De manière générale, le taux d’abstention a augmenté entre les deux tours de cette l’élection présidentielle. Après 1969 et 2017, c’est seulement la troisième fois que cela se produit dans l’histoire de la Ve République.
Un vote blanc moins fort qu’attendu
Les Français ont donc été plus nombreux qu’en 2017 à appliquer le slogan "ni Le Pen, ni Macron", popularisé dans cet entre-deux-tours, signe d’une banalisation de l’extrême droite au sein d’une grande partie de l’électorat.
"La tendance observée à la dernière élection présidentielle, qui était une exception sous la Ve République, se confirme : beaucoup de Français n'ont pas voulu participer à ce débat de second tour", analyse le sondeur Frédéric Dabi de l’Ifop.
"La logique du front républicain et du réflexe anti-extrême droite est toujours bien là", tempère Arnaud Leclerc. "Simplement, ce front républicain n’a pas la même puissance qu’il y a 20 ou 30 ans", ajoute le politologue qui souligne le peu d’enthousiasme suscité par cette campagne marquée par la guerre en Ukraine et l’entrée tardive d’Emmanuel Macron dans la bataille.
En revanche, si l’abstention a progressé en cinq ans, le record des bulletins blancs et nuls de 2017 - plus de 3 millions de bulletins blancs et un million de bulletins nuls au second tour - n'a pas été égalé. "C'est une petite surprise que nous n’ayons pas eu plus d’abstention et de bulletins blancs et nuls qu'en 2017, vu le climat anti-Macron, avec une partie de la gauche qui le déteste vraiment, et le fait qu'il y a eu cinq ans de mandat entretemps", assure auprès de l’AFP la politiste Anne Jadot.
"L’électorat qui vote blanc a une norme civique puissante. Pour eux, le vote est un devoir, explique Arnauld Leclerc. "Or, ce devoir s’est plutôt exprimé par un vote en faveur d’Emmanuel Macron compte tenu de la présence de l’extrême droite au second tour. On constate qu’il y a bien eu une mobilisation d’électeurs inquiets du saut dans l’inconnu qu’aurait représenté l’élection de Marine Le Pen."

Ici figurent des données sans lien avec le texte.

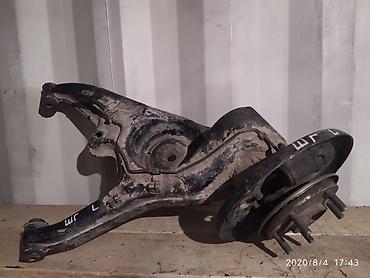 chariot: Mitsubishi Chariot Grandis Цапфа рычаг, Митцубиси Шариот Грандис цапфа — 1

Un nouveau record aux législatives ?
Largement documentée, cette abstention massive représente une tendance de fond et traduit un désintérêt croissant des électeurs pour les partis politiques et les rendez-vous électoraux. "C’est un phénomène récurrent et cette élection présidentielle confirme un processus de désaffiliation des Français", analyse sur France 24 le politologue Arnaud Benedetti, c’est-à-dire d’électeurs qui ne reconnaissent aucune proximité avec un parti ou une tendance politique.
"Il y a un essoufflement du rapport à la démocratie représentative qui est confirmé par de très nombreuses enquêtes", abonde Réjane Senec Slawinsky, chercheure au Cevipof, selon qui cette abstention va durer tant que continuera chez les partis politiques "une logique de bataille électorale qui ne prend pas ou peu en compte la voix des mobilisations citoyennes".
Un désintérêt particulièrement flagrant chez les plus jeunes : 41 % des moins de 25 ans se sont abstenus lors de ce second tour ainsi que plus d’un tiers des 25-34 ans et des 35-49 ans. Selon ce sondage Ipsos/Sopra Steria, 24 % de ceux qui se sont abstenus disent qu'ils l'ont fait parce qu'ils "refusent de choisir entre deux candidats" qu'ils "rejettent totalement", comme 49 % de ceux qui ont voté blanc ou nul.
Après la présidentielle, les législatives de juin feront figure de nouveau test pour évaluer le poids du camp des abstentionnistes. "Il est certain que l’abstention sera très élevée car c’est une élection infiniment moins mobilisatrice que la présidentielle. Traditionnellement, l’abstention représente le double de celle observée lors du scrutin présidentiel", rappelle Arnauld Leclerc.
En 2017, près de 57 % des inscrits ne s’étaient pas déplacés pour élire le député de leur circonscription, établissant un record depuis 1958 pour un second tour des législatives.